> _WHAT YOU SHOULD DO_
Leaving out the pictures, write out exactly each line from the line with "lpd barcelona walnut" through the close of the listing below.

== RECORDS FOR THIS EXERCISE

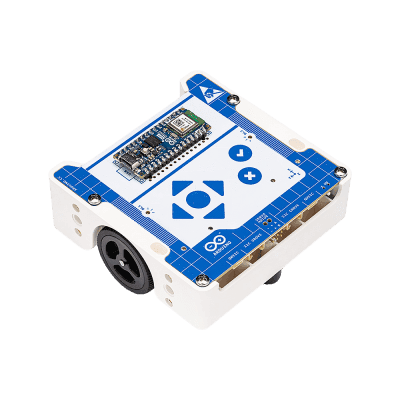Robot Educativo Arduino® Alvik / Nano ESP32 + STM32 Cortex-M4 / WiFi + Bluetooth LE / Sensores RGB Color + ToF 350 cm + IMU 6-Axis / Motores DC con Encoder / Programación MicroPython + Arduino C + Blocks / Compatibilidad LEGO® Technic&t
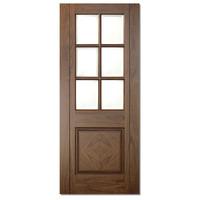 lpd barcelona walnut internal door 78in x 33in x 35mm 1981 x 838mm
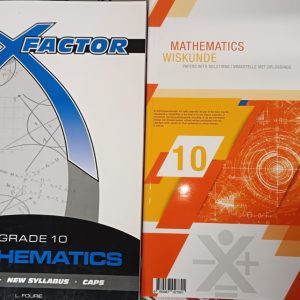 Grade 10(Eng) – Maths X-Factor and Examination Aid Combo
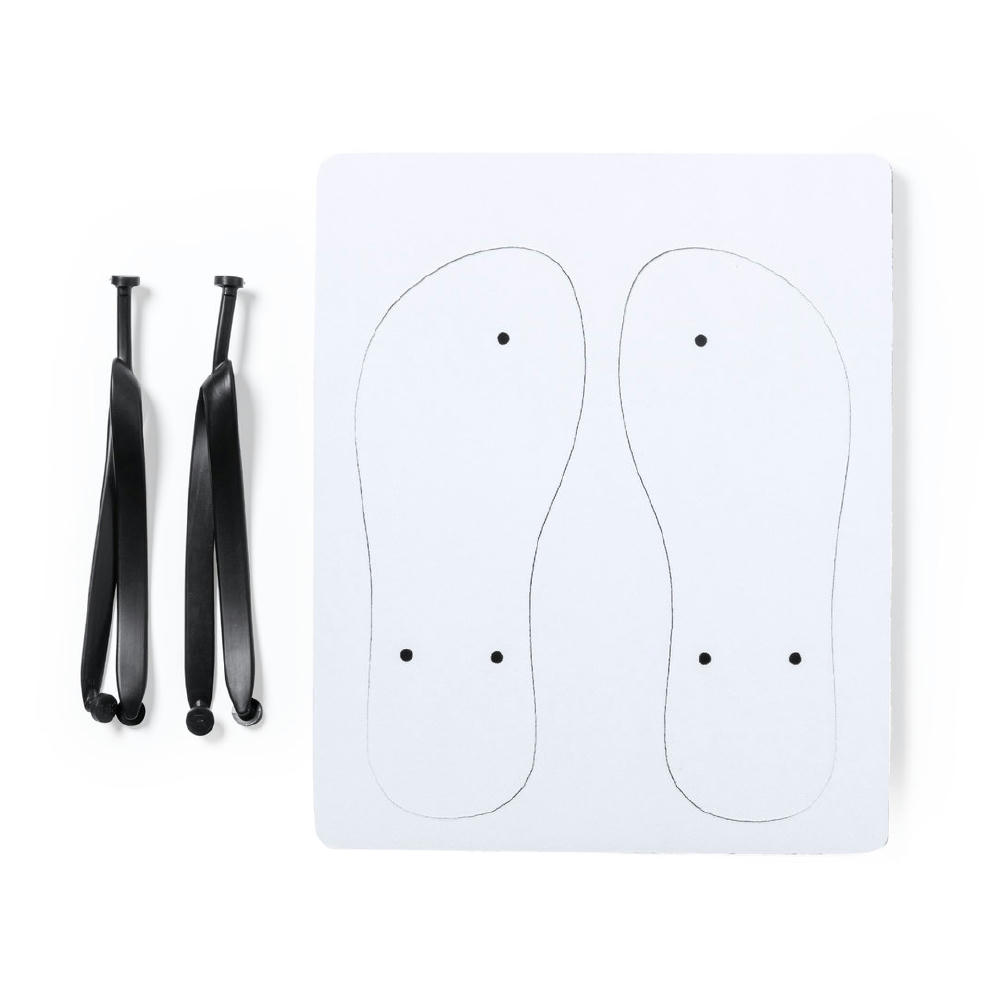 Product image Sublimations Zehensandalen Badrak Werbeartikel
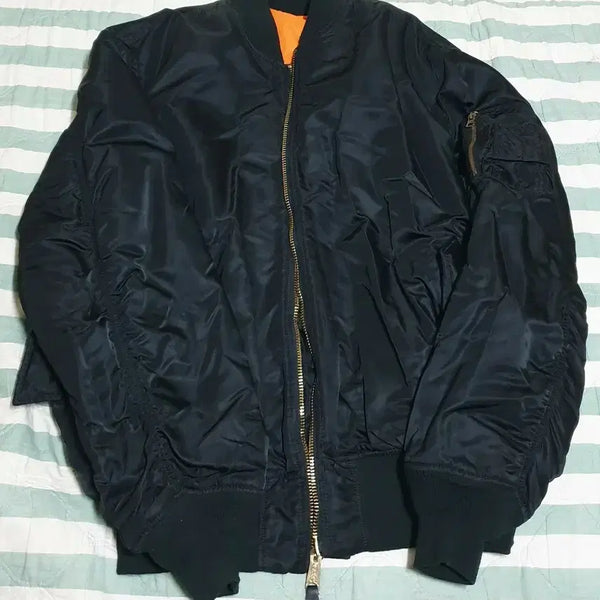 [BUNJANG] Alpha Industries MA-1 Flight Jacket (Size 2XL / US 110-115) / 알파인더스트리 MA-1 항공점퍼 110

====

> _TASK ANSWER_
 lpd barcelona walnut internal door 78in x 33in x 35mm 1981 x 838mm
 Grade 10(Eng) – Maths X-Factor and Examination Aid Combo
 Product image Sublimations Zehensandalen Badrak Werbeartikel
 [BUNJANG] Alpha Industries MA-1 Flight Jacket (Size 2XL / US 110-115) / 알파인더스트리 MA-1 항공점퍼 110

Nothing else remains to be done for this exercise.